**WORK REQUIRED**
Starting at the line that holds "Penthouse Apartment On", reproduce each line exactly up to and including the last line of the records below. Pictures stay out.

----- INFORMATION SUPPLIED -----

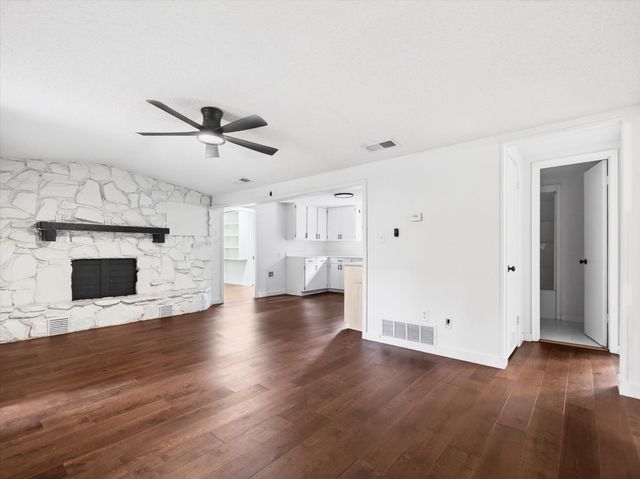 215 Folly Beach Drive B, Lake Dallas, TX 75065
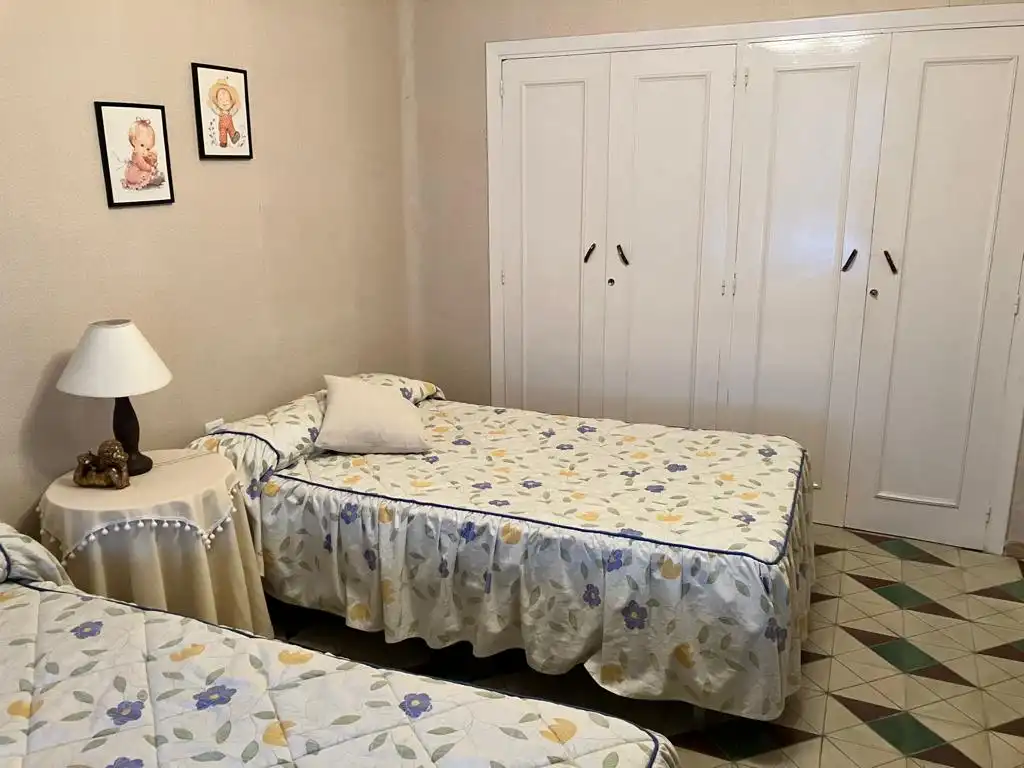 Dormitori de Casa o xalet en venda en Íscar amb Calefacció, Jardí privat i Terrassa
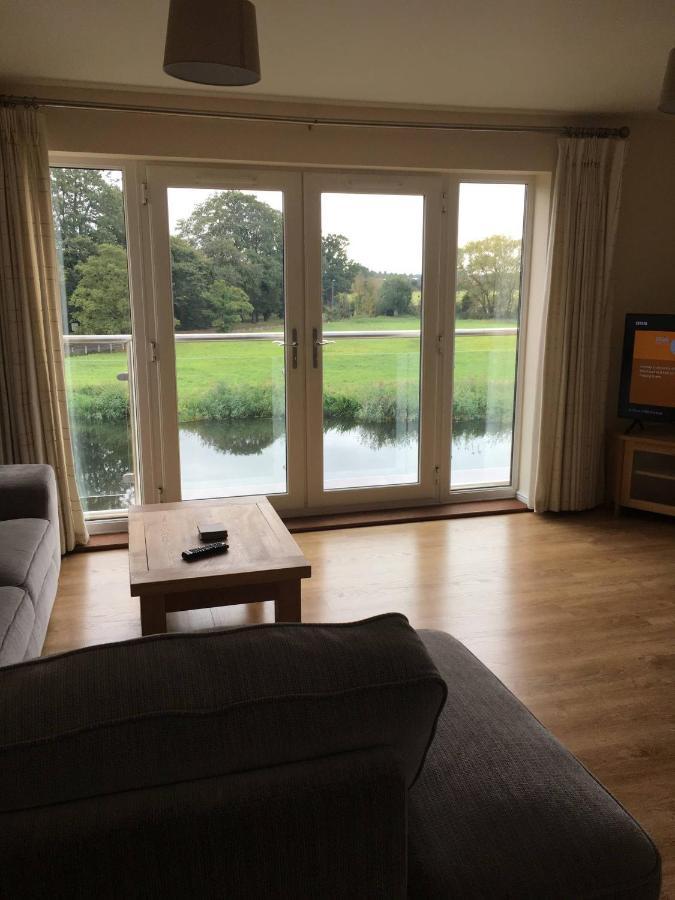 Penthouse Apartment On The River - 65 Skipper Way Saint Neots Exterior photo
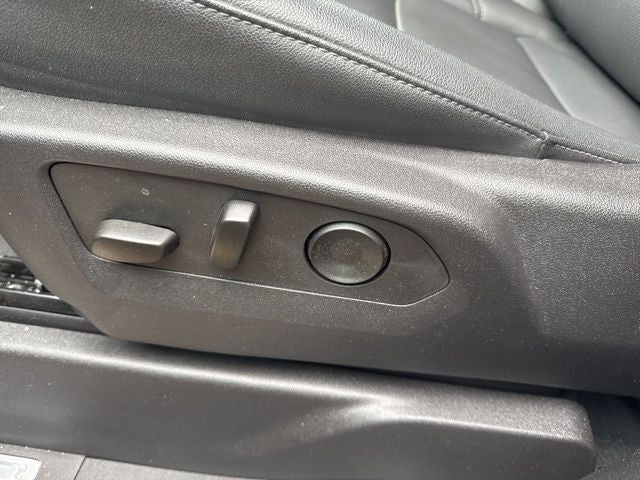 2025 GMC Sierra 1500 4WD Crew Cab 147" SLT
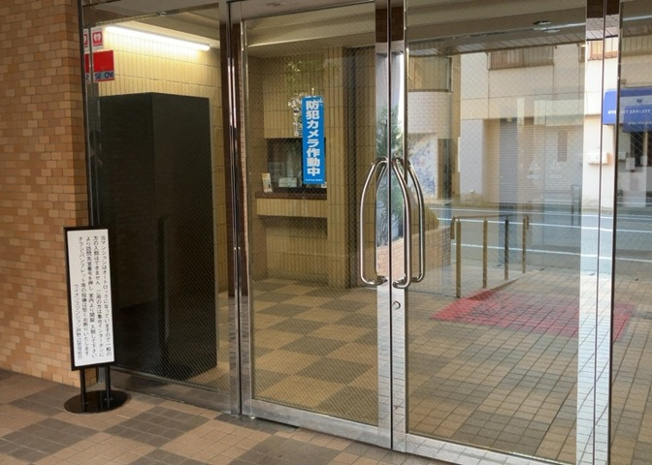 【玄関】 | ライオンズマンション淵野辺 | 玄関は家の顔でもあり、家族以外の目にも止まる場所です。玄関は外との間を仕切る扉、靴などをしまっておく収納スペース、靴脱ぎのたたきスペース、来客とのやり取りをするドアホンなど複数のアイテムからなります。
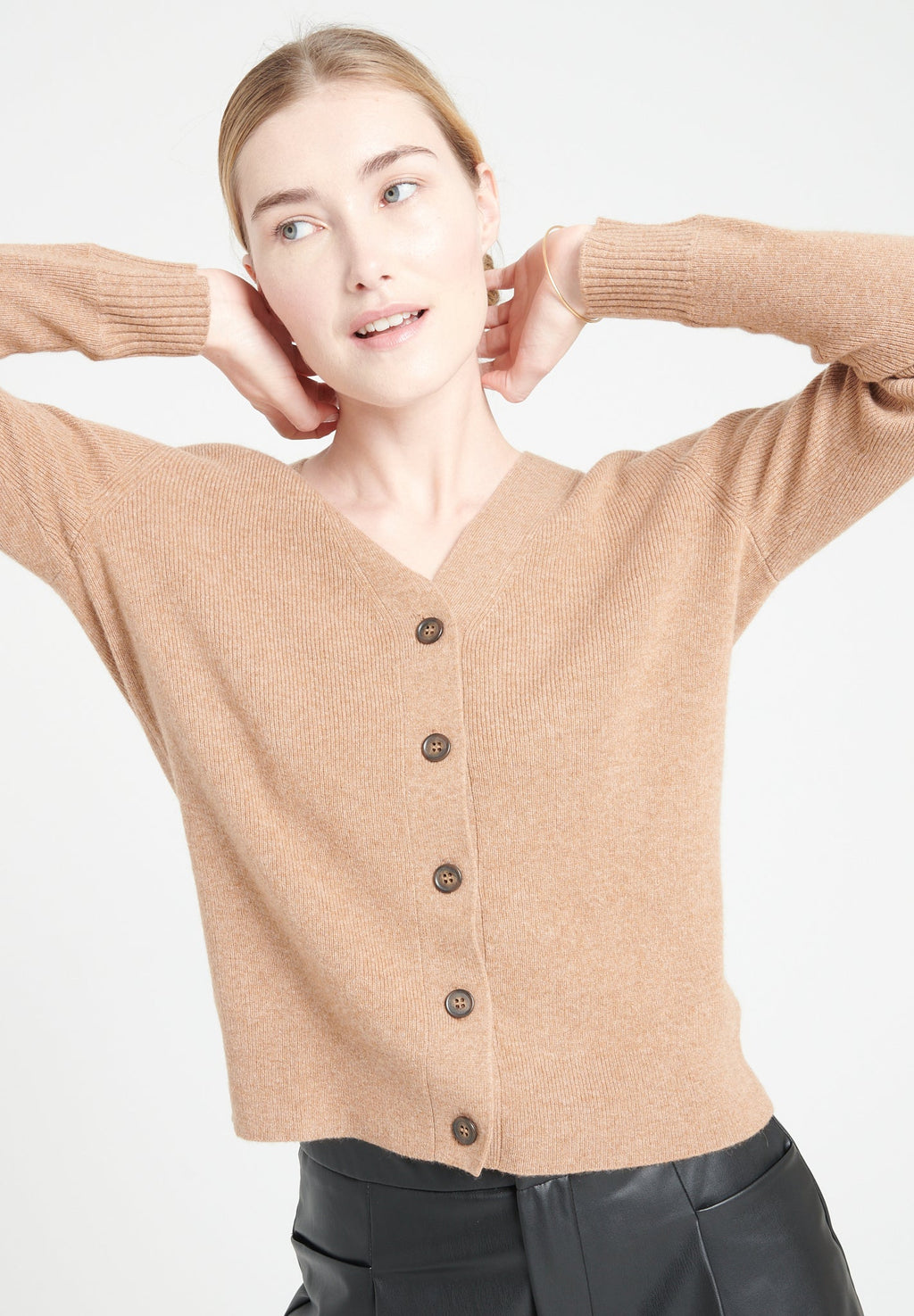 MIA 14 Camel cashmere V-neck cardigan with ribbed stitches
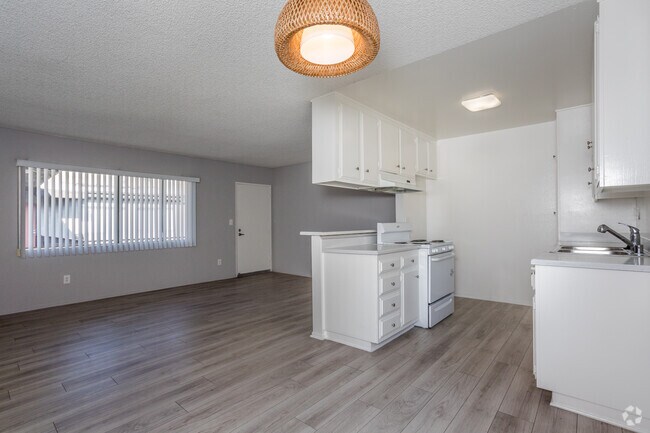 1BR, 1BA - 750 SF - Lido Apartments - 3339 S Canfield Ave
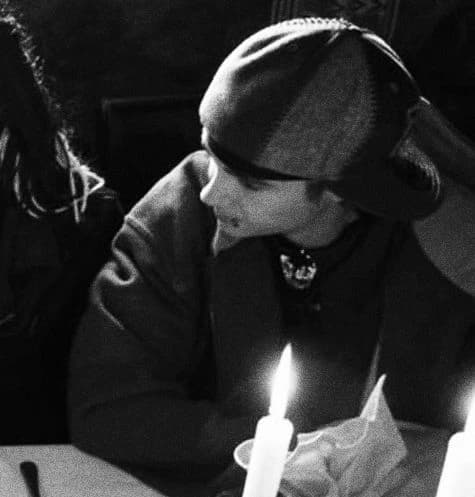Tom Kaulitz sucks around the room thumbnail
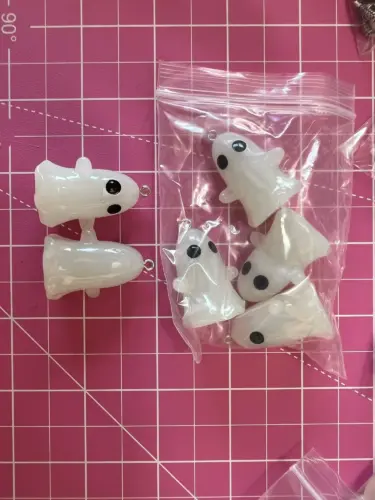 Glow in the Dark Keychain Ghosts Set 6Pcs photo review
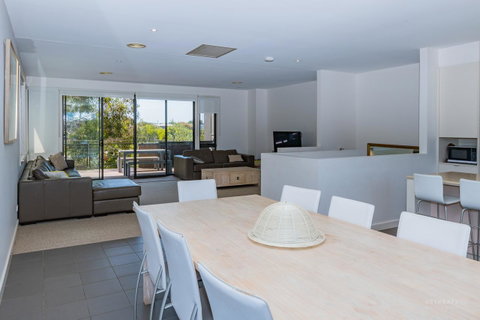 1 Sunset Place - Tourism Search 2
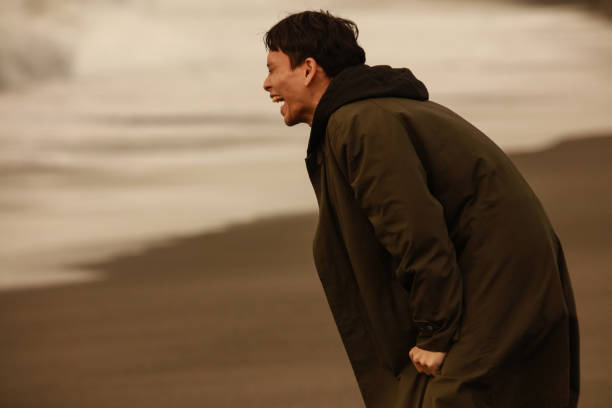 istock A man yelling at the sea 1289892111
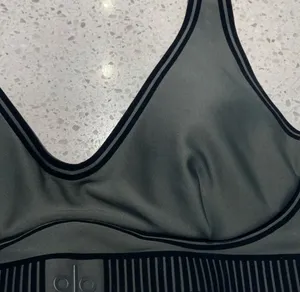 Alo yoga airlift line up bra dark cactus green thumbnail 4
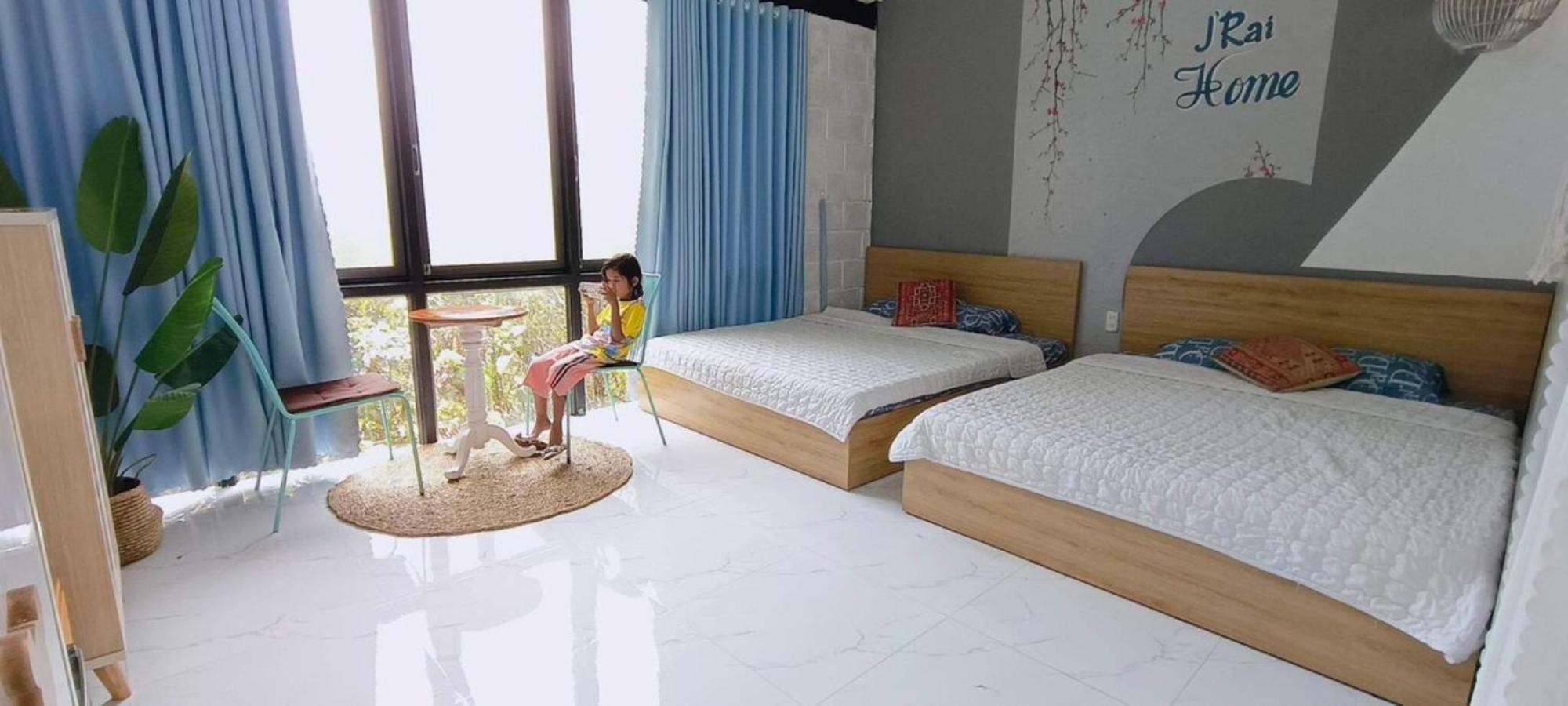 Jrai Homestay Plây Ku Exterior foto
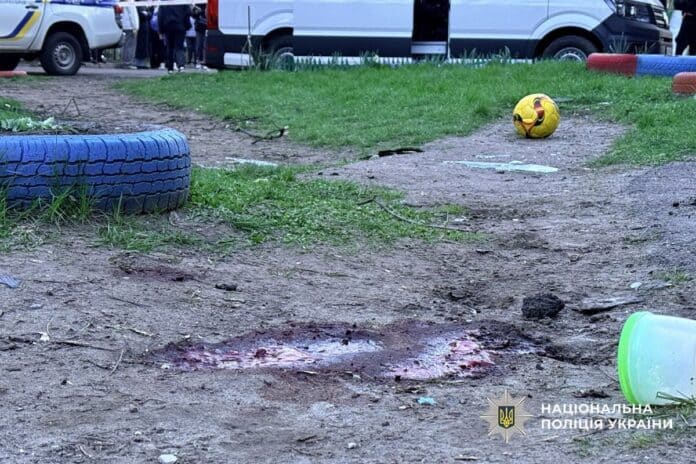 Загибель дитини у Черкасах: наслідки атаки російських БпЛА 029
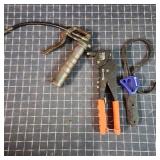 T2 3pc (2) strap wrenches, Grease gun,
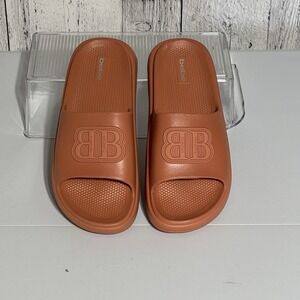 Bebe Women's Slide Sandals Size 8 color Camel  Foam Pool And Beach 3D Logo NWT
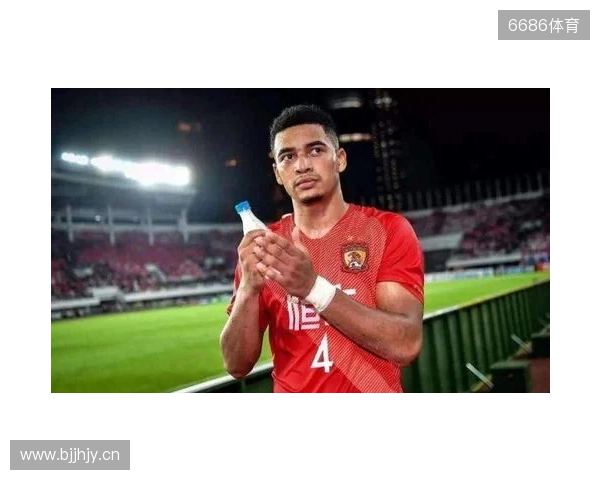 黄希扬:希望在向余望们身上能实现全国球迷的愿望,走向世界杯 黄希扬:希望在向余望们身上能实现全国球迷的愿望,走向世界杯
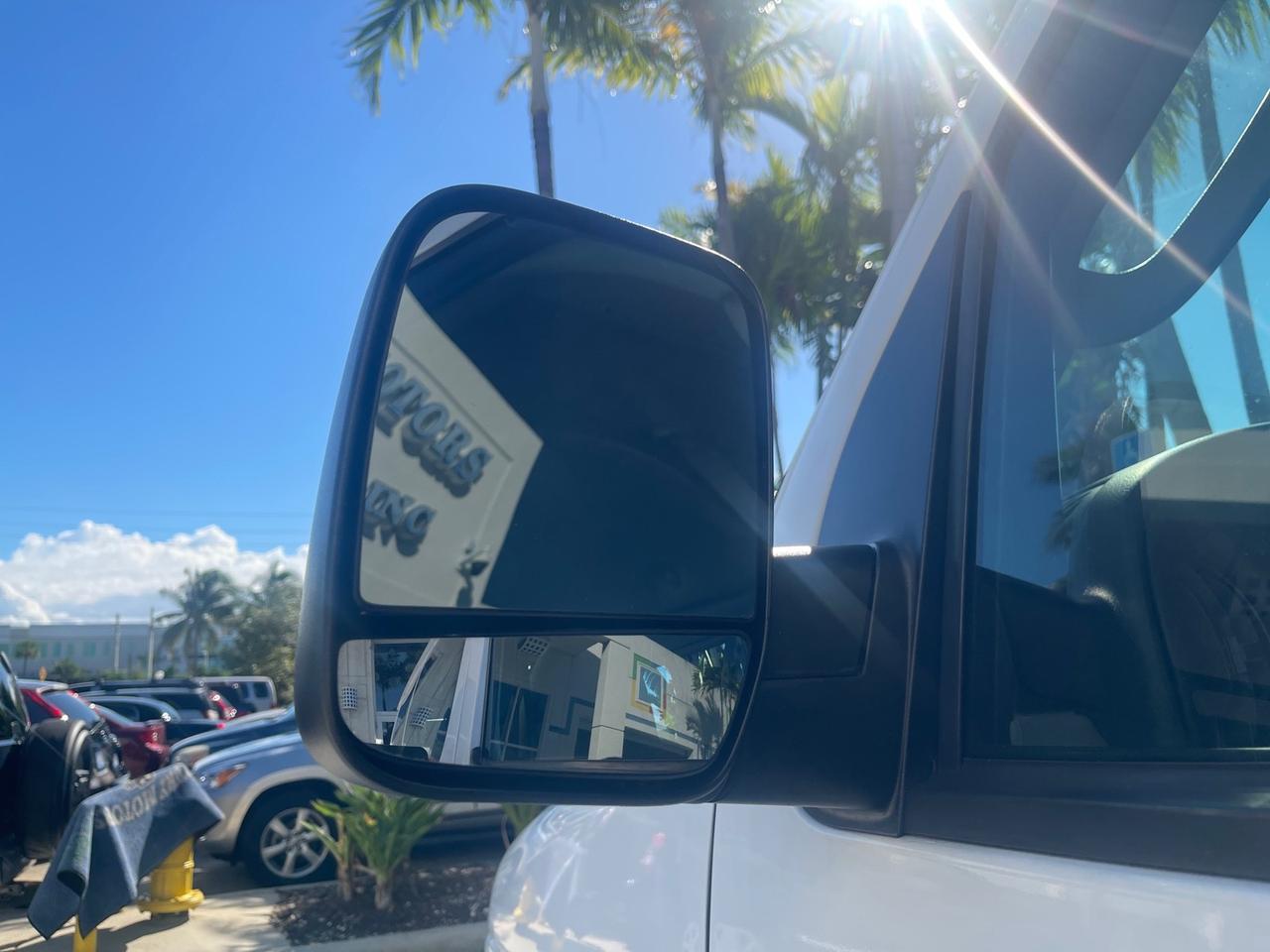 2006 Ford Econoline Wagon XLT LOW MILES 76,470 E350 15 PASS Pompano Beach FL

-----

**THE ANSWER**
 Penthouse Apartment On The River - 65 Skipper Way Saint Neots Exterior photo
 2025 GMC Sierra 1500 4WD Crew Cab 147" SLT
 【玄関】 | ライオンズマンション淵野辺 | 玄関は家の顔でもあり、家族以外の目にも止まる場所です。玄関は外との間を仕切る扉、靴などをしまっておく収納スペース、靴脱ぎのたたきスペース、来客とのやり取りをするドアホンなど複数のアイテムからなります。
 MIA 14 Camel cashmere V-neck cardigan with ribbed stitches
 1BR, 1BA - 750 SF - Lido Apartments - 3339 S Canfield Ave
Tom Kaulitz sucks around the room thumbnail
 Glow in the Dark Keychain Ghosts Set 6Pcs photo review
 1 Sunset Place - Tourism Search 2
 istock A man yelling at the sea 1289892111
 Alo yoga airlift line up bra dark cactus green thumbnail 4
 Jrai Homestay Plây Ku Exterior foto
 Загибель дитини у Черкасах: наслідки атаки російських БпЛА 029
 T2 3pc (2) strap wrenches, Grease gun,
 Bebe Women's Slide Sandals Size 8 color Camel  Foam Pool And Beach 3D Logo NWT
 黄希扬:希望在向余望们身上能实现全国球迷的愿望,走向世界杯 黄希扬:希望在向余望们身上能实现全国球迷的愿望,走向世界杯
 2006 Ford Econoline Wagon XLT LOW MILES 76,470 E350 15 PASS Pompano Beach FL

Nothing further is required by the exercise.